No one would dare refused to buy a fowl for the elders on demand. I not only refused to buy the elders a fowl,    I refused to replace the one dedicate to Ovia which the elders killed. The whole town discussed in hush tones the imminent death of Noah before seven days. It was not a question of if Noah would die but how and when.
They waited for my death. The elders visited me in the night in all kinds of forms. Masquerades appeared in my dream with cutlasses to harm me. I fought them and defeated them. Sometimes, they appeared in my dreams but in daytime. I still defeated them. Twice I opened my wardrobe to find black mamba-an African deadly snake- coiled inside. I would dip my hand into my pocket and came out with snakes. When I called Holy Ghost fire, they disappeared. Fire ignited on my bed a couple of times. I invoked the blood of the lamb and it dies.
To counter the antics of the elders, I embarked on three days dry fasting. I asked the living God to throw confusion among the elders.
When I lived the life of sin back in 1992, something happened that kindled my hope in a loving God who is ready to grant all my wishes.
I became a Christian at an early age because my father practiced the religion. My father believed Christianity does not compel one to abandon his tradition. He sacrificed a goat once in a year to his personal god in his room.
One Sunday, I came back from church as usual and prayed. That day, I prayed as I never prayed before. I did not know why, but something kept urging me on.
In a vision that night, a man told me to stop smoking. He slapped me several times.
“Stop your life of sin and give your life to Jesus Christ.”
“How do I do that?” I asked.
He slapped me again, “Just give your life to Christ.”
When I woke up, I became a changed person. I became born-again.
A big timber tree demarcated my landlord’s land and the High Priest. My landlord cut down the tree. He claimed its ownership. This act angered the High Priest who called a meeting of the elders to call my landlord to order.
The elders instead of doing that declared the timber belonged to my landlord. The High Chief shot at my landlord when he saw him on the land the second day. He vowed to deal with the elders one by one.
Many of the elders took side with my landlord because of his wealth while a few took side with the High priest. This incident created confusion among the elders. They forgot about my case while they tried to settle the rift my powerful prayers created among them.
When I did not die after three days, I became the talk of the town. Many people trooped to my house to see me. The church I started in my house with only my relatives no longer contained the people that came for worship and prayer.

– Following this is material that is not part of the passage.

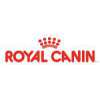 Royal Canin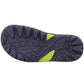 Kappa Paxos Jr 260864K 6733 sandals Footwear/Lifestyle/Kappa Kappa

The night after Sunday’s service, I knelt down and thanked God for His miracles. 
An incidence that happened in my own village few years back after my pastoral training confirmed me as a man with great anointing.
There lived a paralytic woman of many years of suffering her disability in my village. One day in my dream, I found myself in the woman’s house. Many demons with horns surrounded her. They bowed down and parted way for me to pass on my way to the woman’s bed. I prayed for her and healed her.
The next day I told my brother that God wanted me to go and cure the paralytic woman. When we got there, I said to the woman, “Madam God sent me to you to pray for you so you could receive your miracles. Do you believe Jesus can heal you?”
“I believe,” replied the woman.
I prayed and commanded the woman to walk. As I prayed, the woman fell down. She cried as soon as I touched her. She screamed I should stop cutting her legs with razor blade. I prayed until sweat covered me all over.  I commanded the woman in the name of Jesus to walk. The woman stood up and walked.
The following Sunday, twenty-five souls converted to Christ in my church. The room we used as church could not contain all the people that turned up for service. Many stood outside the windows to listen to the sermon.
The following day, I rented a six-room apartment in the town, which I converted to my church. Six months later, three Pastors came under my tutelage. Everything went without ugly incident until the event that made me fled the town for Lagos happened.